Whilst Valencia is a central hub of commerce, business, tourism and nightlife on the Spanish east coast, it is also a market town at heart. Every weekend there are countless markets going on all over the city, and there are always new delicacies on offer. Cheese and cured meats are a staple of Spanish food, and so the market style of browsing, touching, tasting and trying all kinds of varieties is perfectly suited to this kind of food. The Spanish are also an incredibly social and community-led people in general, and this only furthers the love and importance of markets in the country.
Cover photo credit @ VitalyEdush
The largest and best-known of these markets in Valencia is the Mercat Central in the city centre. Right next to one of the most beautiful areas in the city, and leading into the old town of Valencia with the stunning cathedral, the market is fantastically located. It really does sit right where you would want it to, creating a bridge between the small streets of the old town and the newer roads and areas of the Plaza Del Ayuntamiento (the central meeting point, festival and party spot and also plenty of great restaurants).

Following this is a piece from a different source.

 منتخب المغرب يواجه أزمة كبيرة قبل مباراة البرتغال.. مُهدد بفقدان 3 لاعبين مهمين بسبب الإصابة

But the market is not just a tourist spot to see what old Valencia was like, and is actually a fully functioning and busy spot for locals to find the very best quality ingredients, meats and vegetables.

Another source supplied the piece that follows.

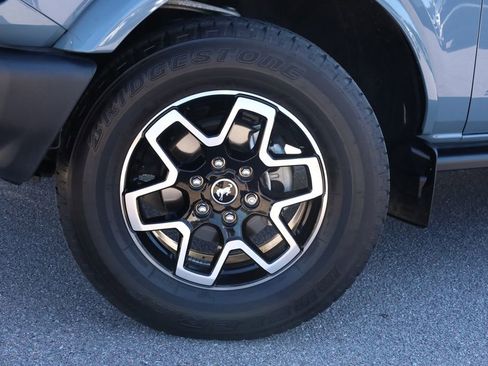 Used 2024 Ford Bronco Outer Banks image 19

Much like any other market, there are meat, vegetables and then an assortment of other random things. There are plenty of touristy souvenir shops and the like, but if you can ignore these, the rest of the market is a local paradise. My particular favourites are the seafood and meat sections, where you can find the best of what you know... and then plenty of things you've never seen before in your life. Seafood markets are always particularly fascinating for me, as the sea seems to produce animals that look incredibly strange to our neat chicken-eating eyes.
For me the market is one of the best places in the city to find beef - a not that-well-loved meat in Spain. Pork and chicken take the top spots here, and so good beef can be a little hard to find. Not so in the Central Market, which is packed with hanging sides of beef, and knowledgeable butchers who can explain in great detail the cuts of beef and what to do with them for best cooking effect.
The market is also a cool place to try Horchata for the first time. This is a typical Valencian drink that sort of tastes like a sweet nut milkshake, and is made from barley. It's a very popular cool drink that is absolutely ideal for humid and hot summer days.